Mary Yurkovic | 07/13

A famous,funny outtakes tape is worth another listen.

There’s an hilarious tape that’s been making the rounds for decades*. Actor/director Orson Welles is reading voiceovers to picture for some food spots. The copy is bad, the agency direction is worse, and Welles is not suffering fools that day. The third script is so ludicrous he gives up, and storms out of the studio.

Most people know this tape as “In July, Peas Grow There”. The agency gives a particularly bad direction for reading those words. Welles challenges them to say it the way they’re asking. He also makes a rather strange offer if they succeed.

Take a listen. Even if you’ve heard it before, it’s worth listening to this version… I cleaned it up (technically; not for content) and it sounds better than most version that are on the Web. You’ll also hear some examples of things to avoid in your own sessions.

This tape was circulating long before the Web was born - I got my copy from another engineer more than 30 years ago. And it’s so well known in the industry that it’s still being parodied.

The Animaniacs (a kids’ cartoon) did their version in the 90s. You might be able to still find it on Youtube.

It’s also been spoofed on Matt Groening’s series The Critic, and a bunch of other shows.

I refer to it in my parody of agency voice-over sessions, produced in 1981 and circulating underground since then.  In 2005, artist Alan Rhodes sent me a link to his 3-minute dance-mix version.

 

The Tutorial

Directing commercial voice-overs is an art, even if it’s one those Brits never mastered. A few things they didn’t do, that you should:

 

  • Read the copy aloud, before you even show it to your clients. The phrase “Crumb-Crisp Coating” - which causes Welles so much grief - should never have been there at all.

  • Time your copy to the picture, before you ask anyone to read it. That’s what scratch tracks are for.

  • Don’t stare at the script during each take! Listen to the voice, and look at pix. That way you’ll avoid asking for things that the talent’s already given you.

  • Don’t give a direction if you don’t know yourself what it’s supposed to sound like. It’s great to let talent surprise you with something better than you imagined. It’s not okay to go on a fishing expedition.

  • If you’re working with talent who has good directing chops themselves… let them help. Pretty voices are a dime a dozen. Pretty voices connected to thinking brains are rare.

 

The Personal Anecdote

Back when I was younger and more clueless, I did a lot of voice-over directing for ad agencies. I was lucky enough to work with Jack Lemmon, James Earl Jones, Christopher Reeve (I nearly blew his session, but that’s for another entry) and some lesser talents whose names you’d also recognize.

At one point, a large New York agency offered me a producing job that would have required directing Orson Welles in a series of commercials. Of course I was familiar with the “In July” tape. I turned down the gig.

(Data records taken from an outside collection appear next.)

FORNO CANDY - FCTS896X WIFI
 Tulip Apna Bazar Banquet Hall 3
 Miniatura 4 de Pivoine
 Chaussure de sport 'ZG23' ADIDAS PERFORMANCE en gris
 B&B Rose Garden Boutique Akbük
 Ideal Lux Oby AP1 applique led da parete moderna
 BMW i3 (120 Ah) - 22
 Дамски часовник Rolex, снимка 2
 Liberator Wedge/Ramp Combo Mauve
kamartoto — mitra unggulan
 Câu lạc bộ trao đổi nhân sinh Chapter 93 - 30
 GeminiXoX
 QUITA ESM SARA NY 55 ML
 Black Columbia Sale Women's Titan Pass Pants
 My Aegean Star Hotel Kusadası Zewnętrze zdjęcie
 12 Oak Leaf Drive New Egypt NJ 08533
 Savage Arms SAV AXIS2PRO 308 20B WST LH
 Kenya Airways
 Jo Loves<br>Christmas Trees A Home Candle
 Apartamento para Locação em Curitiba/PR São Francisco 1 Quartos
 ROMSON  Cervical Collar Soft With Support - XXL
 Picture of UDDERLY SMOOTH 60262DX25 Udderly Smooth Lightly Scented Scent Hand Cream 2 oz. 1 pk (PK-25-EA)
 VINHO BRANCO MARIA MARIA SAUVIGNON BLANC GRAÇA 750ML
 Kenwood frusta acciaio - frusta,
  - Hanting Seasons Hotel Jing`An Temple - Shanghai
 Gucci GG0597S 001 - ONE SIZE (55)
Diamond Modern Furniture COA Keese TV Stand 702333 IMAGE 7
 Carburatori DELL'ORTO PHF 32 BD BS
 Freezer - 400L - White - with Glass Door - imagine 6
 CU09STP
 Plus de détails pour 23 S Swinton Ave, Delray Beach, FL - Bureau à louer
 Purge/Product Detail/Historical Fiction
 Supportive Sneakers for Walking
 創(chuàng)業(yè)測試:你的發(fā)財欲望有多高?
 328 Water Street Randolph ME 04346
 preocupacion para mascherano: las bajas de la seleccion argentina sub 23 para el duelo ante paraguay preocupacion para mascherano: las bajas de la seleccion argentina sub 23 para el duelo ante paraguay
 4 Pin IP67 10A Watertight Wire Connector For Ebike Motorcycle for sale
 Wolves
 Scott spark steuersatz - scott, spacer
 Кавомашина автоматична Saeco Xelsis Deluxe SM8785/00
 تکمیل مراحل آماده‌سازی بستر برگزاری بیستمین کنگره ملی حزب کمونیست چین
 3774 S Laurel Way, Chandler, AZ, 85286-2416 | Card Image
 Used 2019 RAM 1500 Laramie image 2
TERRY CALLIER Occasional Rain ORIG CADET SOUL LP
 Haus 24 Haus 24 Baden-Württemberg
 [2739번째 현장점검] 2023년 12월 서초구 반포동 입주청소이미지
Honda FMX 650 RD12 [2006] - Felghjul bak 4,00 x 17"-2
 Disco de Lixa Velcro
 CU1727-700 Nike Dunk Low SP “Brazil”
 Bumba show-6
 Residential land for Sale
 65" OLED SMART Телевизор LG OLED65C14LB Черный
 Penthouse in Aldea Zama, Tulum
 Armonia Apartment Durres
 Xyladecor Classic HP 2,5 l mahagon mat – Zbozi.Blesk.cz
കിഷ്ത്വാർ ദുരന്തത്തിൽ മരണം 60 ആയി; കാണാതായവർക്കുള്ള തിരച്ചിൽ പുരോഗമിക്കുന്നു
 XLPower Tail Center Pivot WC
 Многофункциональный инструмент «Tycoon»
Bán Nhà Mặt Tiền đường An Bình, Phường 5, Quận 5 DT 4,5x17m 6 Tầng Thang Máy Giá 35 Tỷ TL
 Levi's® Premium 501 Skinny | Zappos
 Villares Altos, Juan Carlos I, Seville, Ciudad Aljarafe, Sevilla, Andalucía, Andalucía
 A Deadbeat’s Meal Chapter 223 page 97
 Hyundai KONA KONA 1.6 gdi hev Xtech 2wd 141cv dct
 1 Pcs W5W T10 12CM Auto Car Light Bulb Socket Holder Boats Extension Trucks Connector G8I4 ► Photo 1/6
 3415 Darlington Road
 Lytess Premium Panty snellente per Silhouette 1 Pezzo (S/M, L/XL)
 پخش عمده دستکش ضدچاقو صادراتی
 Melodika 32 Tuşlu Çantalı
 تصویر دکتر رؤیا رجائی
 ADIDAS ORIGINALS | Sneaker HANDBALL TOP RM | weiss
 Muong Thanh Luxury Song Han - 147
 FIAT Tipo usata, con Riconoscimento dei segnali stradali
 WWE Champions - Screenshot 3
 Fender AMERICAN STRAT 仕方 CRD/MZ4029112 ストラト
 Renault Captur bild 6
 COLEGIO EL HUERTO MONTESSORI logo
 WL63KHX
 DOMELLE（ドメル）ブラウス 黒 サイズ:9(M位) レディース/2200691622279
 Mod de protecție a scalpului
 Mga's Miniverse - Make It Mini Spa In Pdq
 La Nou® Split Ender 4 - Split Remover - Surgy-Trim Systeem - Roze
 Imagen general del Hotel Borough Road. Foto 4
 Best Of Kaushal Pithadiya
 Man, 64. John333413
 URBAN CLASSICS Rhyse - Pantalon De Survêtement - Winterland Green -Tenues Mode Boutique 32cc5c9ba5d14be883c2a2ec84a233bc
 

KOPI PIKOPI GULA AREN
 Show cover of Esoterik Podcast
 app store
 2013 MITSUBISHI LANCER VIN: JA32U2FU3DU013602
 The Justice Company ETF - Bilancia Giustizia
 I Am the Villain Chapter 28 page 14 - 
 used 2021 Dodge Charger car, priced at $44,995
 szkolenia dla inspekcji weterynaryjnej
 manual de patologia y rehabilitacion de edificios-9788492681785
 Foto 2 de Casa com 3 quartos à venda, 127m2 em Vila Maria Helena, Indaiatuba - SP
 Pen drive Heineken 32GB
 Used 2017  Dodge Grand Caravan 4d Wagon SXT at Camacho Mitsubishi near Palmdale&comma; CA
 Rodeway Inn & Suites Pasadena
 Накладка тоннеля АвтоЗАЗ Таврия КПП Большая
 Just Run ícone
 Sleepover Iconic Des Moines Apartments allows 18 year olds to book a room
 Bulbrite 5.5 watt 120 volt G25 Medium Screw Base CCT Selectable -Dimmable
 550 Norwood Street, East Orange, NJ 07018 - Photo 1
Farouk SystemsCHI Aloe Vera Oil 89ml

Later in my career, I had a chance to edit a few projects with Welles as the voiceover, recorded elsewhere. So I listened to the outtakes and chatter from the session, hoping to find another gem. No luck: he was relaxed, gracious, and occasionally hilarious. Maybe I should have taken that NY job.


* The Note:

Wikipedia says the Welles tape originated in the 1980s. Not only did I get my copy long before that; I’ve heard the tape spoofed on the British radio series I’m Sorry I’ll Read That Again… which was produced between 1965 and 1973.